Site to site VPN using IPSec virtual tunnels and BGP

Why?

If you have multiple networks and servers that should be part of a coherent whole, you have to think about how services from which server can be accessed from other sites. Luckily there is ProxyJump and tailscale for point-to-point connections.

I want to roll out services that can reach each other by just using their IP addresses though; the goal is to have a full blown distributed kubernetes setup between all or most of my networks. Expect another article about that soon.

There is two aspects to this: Creating the VPN connection and configuring the routing to send the data to the correct other router.

Since kubernetes will be using BGP to distribute routes, there was no question to also use it for routing between the pfSensen and their networks. BGP is actually not that hard.

Instead of using my usual go-to VPN solution (OpenVPN), I chose to try something leaner: IPSec. Usually you run IPSec in a “gateway” fashion where every endpoint knows which networks to route to which peer, but since the goal was kubernetes and BGP, I opted for the “virtual tunnel interface” mode of IPSec.

This is the setup I will be describing in this article. Both pfSensen have a number of networks attached, I omitted them here for clarity.

In my case it’s two networks with a pfSense as router and one stand-alone VPS. Instead of a VPS, you can understand that to be any Linux machine of course.

How?

The connection between the pfSensen is the easy part: Just fill out all boxes symmetrically.

.png

Since my IP address at home is dynamic, I cannot use it as identifier; thus I choose an arbitrary “Distinguished name”:

.png

For Phase 2 of IPSec I chose the Routed (VTI) option and configured virtual IP addresses for the tunnel endpoints:

.png

I would have liked configuring the pfSense with the fixed IP address to accept the connection from anywhere; then the dynamic IP on the other side of the connection would not have mattered. Unfortunately, setting up the virtual tunnel fails in weird ways when the peer-address is unknown. This is why I use a dynamic DNS entry pointing to the dynamic IP as peer address. When I reboot the pfSense the IP sometimes changes and that delays the creation of the tunnel.

.png

To set up the VPS, I wrote this ansible role. To use it, you need to supply the peer IP, the network to use for the tunnel, any routes to create and, of course, the PSK. If you read the configuration-file, you will see that the traffic selector is set up to put all traffic through the tunnel; obviously that is not desirable, so what gives? The kernel also supports selecting the traffic destined for an IPSec-tunnel using firewall marks; you can see in the configuration file that we are using mark 158. When creating the tunnel we ask the kernel to mark all packets with the same mark (confusingly called key in the command). That way the correct packets end up being encrypted and sent to the other side.

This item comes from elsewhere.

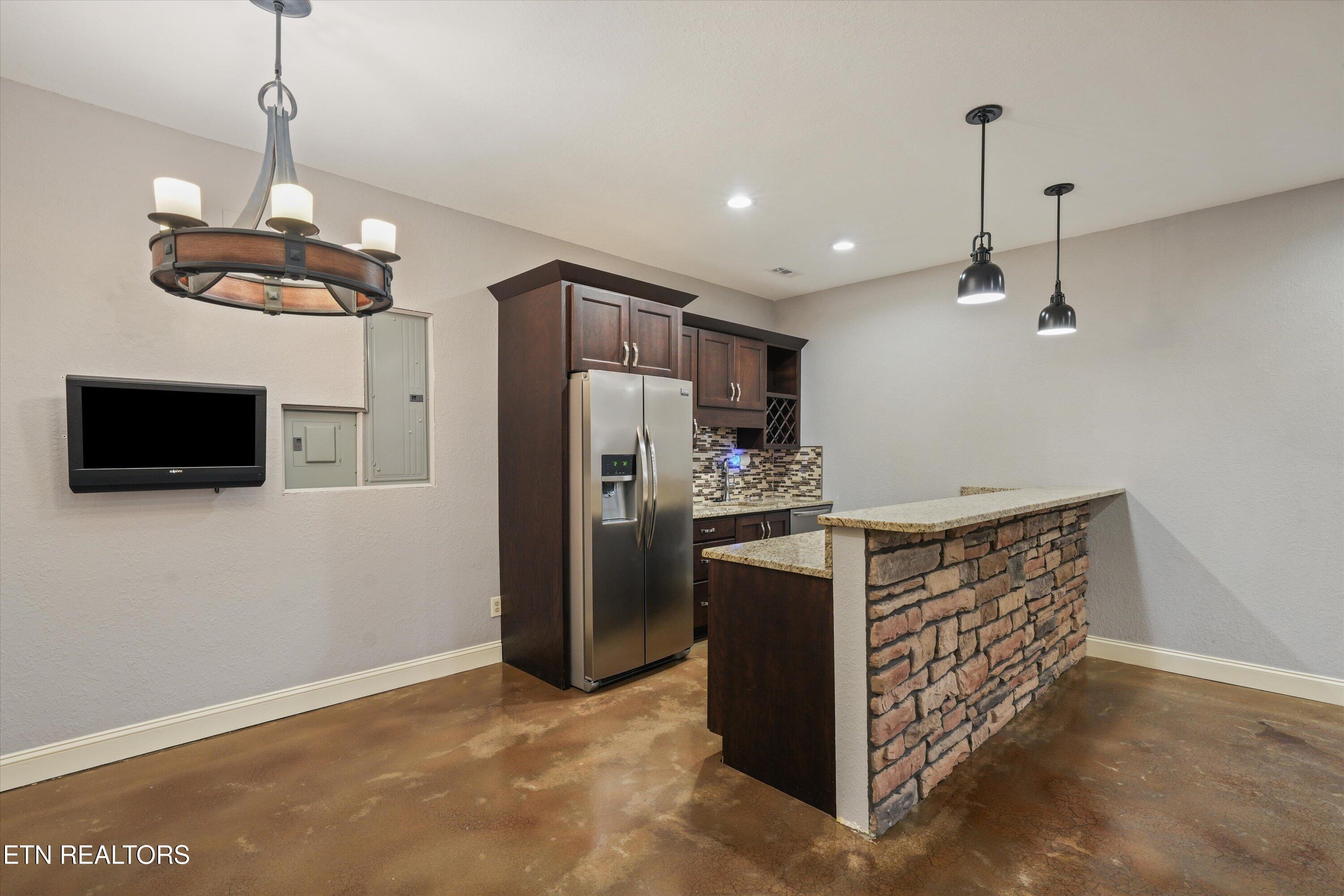 8121 Laurel Falls Lane Knoxville TN 37931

Setting up BPG was easy using the package “FRR. The only non-obvious thing to do was setting up a “Route Map” that permits everything. This map is applied to all peerings to allow any route to be pushed.

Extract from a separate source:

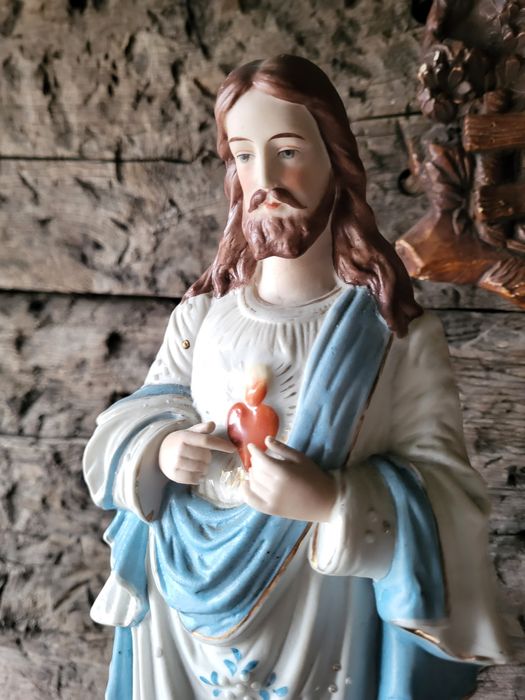 Piękna biskwitowa figurka Najświętsze Serce Pan Jezus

Please note from the linked ansible role that the VPS does not start any BGP daemon but rather gets configured a list of routes. This is because it will become a kubernetes node and the kubernetes plugin “calico” will handle BGP for that node. The routes are only for bootstrapping a connection to the rest of the cluster after a reboot.

Problems and solutions

I want to close this article with an unordered collection of debugging techniques and how they helped me.

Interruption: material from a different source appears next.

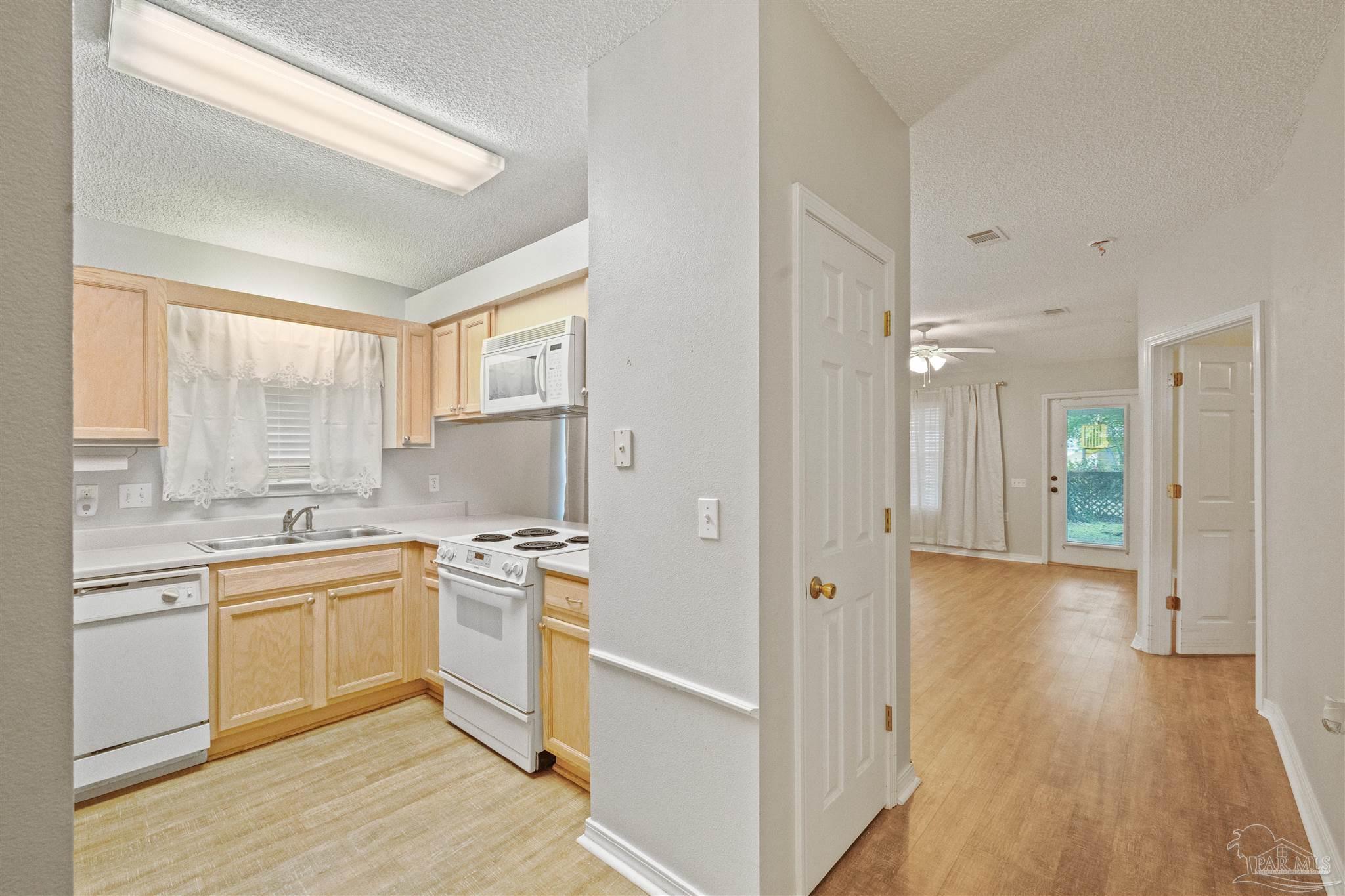 2337 Trailwood Dr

First of all, the error message

14[KNL] <con1000|14> querying policy 0.0.0.0/0|/0 === 0.0.0.0/0|/0 out failed, not found

will be spammed in the pfSense’s IPSec-log. According to the internet that is not something to worry about. 🤷

Obviously all traffic over the tunnel is firewalled; all tunnels are handles by the one rule-“Tab” “IPSec”. It’s possibly to filter by interface in a rule though.

If the connection sometimes just “stops” and then restarts at a later time, it’s possible that some of the timings of IKE are not consistent. Both peers must be configured to expect a re-key at the same time.

Reading the log on both sides is important. When one site connects and the other logs something like “no proposal chosen” that points to a mis-configuration of the cyphers used. Also, using tcpdump makes many problems obvious.